景気のニュースに「改善」と出ていると、円相場にも明るい材料なのかな、と感じるかもしれません。ただ、その言葉が何を見て付けられたものかで、受け取り方は少し変わります。
9月7日に公表された7月分の景気動向指数では、CI一致指数が120.6、前月差はプラス1.7ポイントでした。基調判断は「改善」のままです。今回は、数字の上昇と判断の据え置きを、順番に読んでみましょう。
まずは「7月の景気を9月に見ている」と確認する
公表月と対象月を分けておく
今回の資料は、2026年9月7日公表の「7月分速報」です。目にしたばかりのニュースでも、示している経済活動は7月のもの。9月の景気をそのまま写した数字ではありません。
120.6は成長率ではない
CIは複数の経済指標を組み合わせた指数で、今回は2020年を100とする水準です。120.6をGDP成長率のような百分率で読んだり、前月差1.7ポイントを1.7%増と言い換えたりしないようにしたいですね。

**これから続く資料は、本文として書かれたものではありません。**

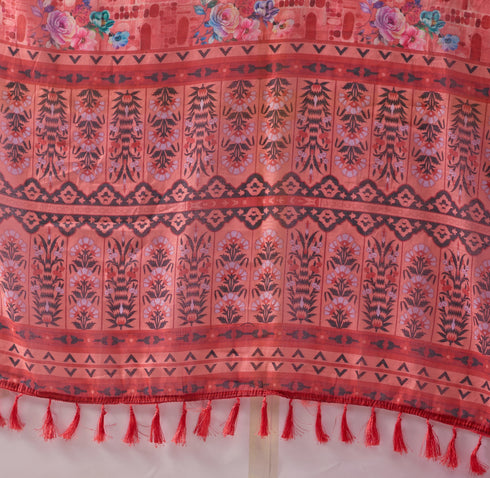 Multi Linen Cotton Party Wear Saree With Blouse - Front View | Samyak Fashion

公表値と対象期間は、内閣府の7月分速報概要で確認できます。

先行指数と一致指数は、見ている時間が違う
一致指数は足元の景気を読む手掛かり
一致指数は、景気とおおむね同じ時期に動く指標をまとめたものです。単一の業界の好不調だけでなく、いくつかの経済活動を重ねて眺めるための入口になります。
先行する相手は「為替」ではない
先行指数は一般に景気に先立つ動きを捉えるために使われます。「先行」という名前から、ドル円の次の値動きを教える数字だと受け取らないことが大切です。何に対して先行するのか、主語を添えるだけで混乱が減りそうです。

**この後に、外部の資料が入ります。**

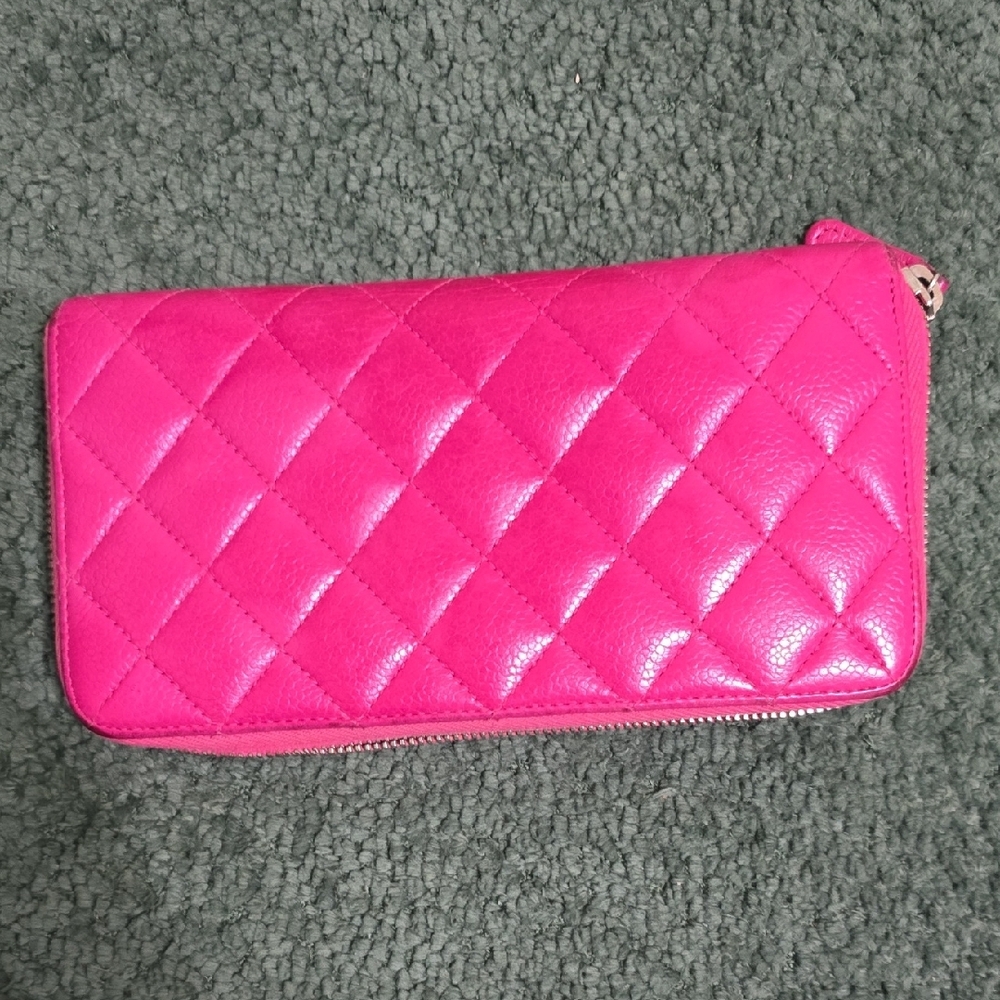 CHANEL Quilted Zip-Around Wallet - Hot Pink - Picture 2 of 6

こうした役割の違いは、内閣府の利用の手引に説明されています。
指数が上がっても、判断が変わるとは限らない
単月の動きと、ならした動きを見比べる
基調判断は、その月の上げ下げだけで決まる仕組みではありません。3か月・7か月の後方移動平均の変化を中心に、当月の変化方向なども使う機械的な基準があります。
「改善据え置き」も自然な結果
判断の区分と指数の数値は、別の役割を持っています。同じ「改善」という区分の中で指数が動くこともあります。「数字が上がったのに、言葉は変わらない」と不思議に思ったら、まず集計の仕組みに戻ってみましょう。

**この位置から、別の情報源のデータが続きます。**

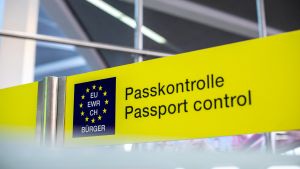 A sign for European Passport Control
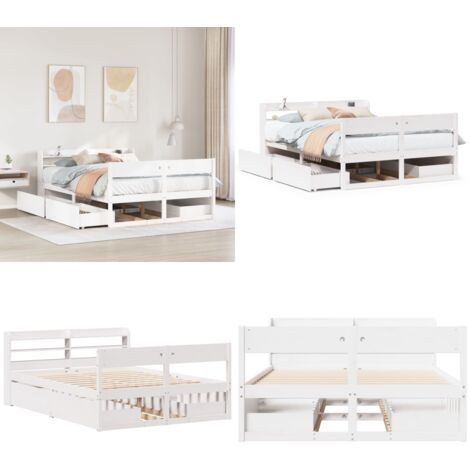 Letto senza Materasso Bianco 160x200 cm Legno Massello di Pino - Letto con cassetti - Letto con ripiani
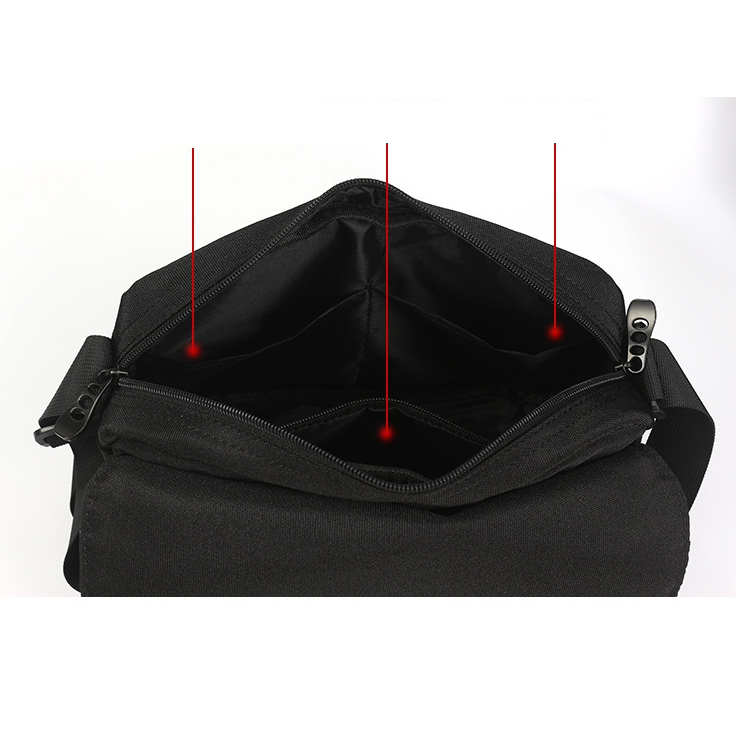 กระเป๋าแมสเซนเจอร์ กระเป๋าสะพายข้าง end&start black compact ช่องเก็บสัมภาระด้านใน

基調判断の基準では、正式な景気の山・谷の設定は、この毎月の機械的判断とは別の手続きで行うことも示されています。「改善」の一語だけで、景気のすべてが確定したわけではないのですね。

円相場と結び付ける前に、間を一つ置く
景気の把握と、政策の決定を分ける
ここからは、数字を相場ニュースと一緒に読むときの考え方です。この資料が直接示しているのは景気指標とその判断であり、次の政策金利や為替の到達点ではありません。「改善だから利上げ、だから円高」と一息でつなぐと、途中の確認を飛ばしてしまいます。
気になったつながりは、問いとして残す
例えば「この動きはその後も続いているだろうか」「政策当局の説明でも同じ変化に触れているだろうか」。そうした問いを残しておくと、次の資料を読む目的がはっきりします。今回の指数だけから、円の方向を決める必要はありません。
ニュースの横に、三つだけ書き添えてみる
今回なら「7月分・9月7日公表」「一致指数120.6、前月差プラス1.7ポイント」「基調判断は改善を維持」の三つです。対象月、数値、判断を別々にメモしておくと、次の発表でも同じ場所を見比べやすくなります。
見出しの印象を急いで相場観に変えず、数字が答えている範囲を確かめる。そんな読み方を、少しずつ一緒に身に付けていけたらと思います。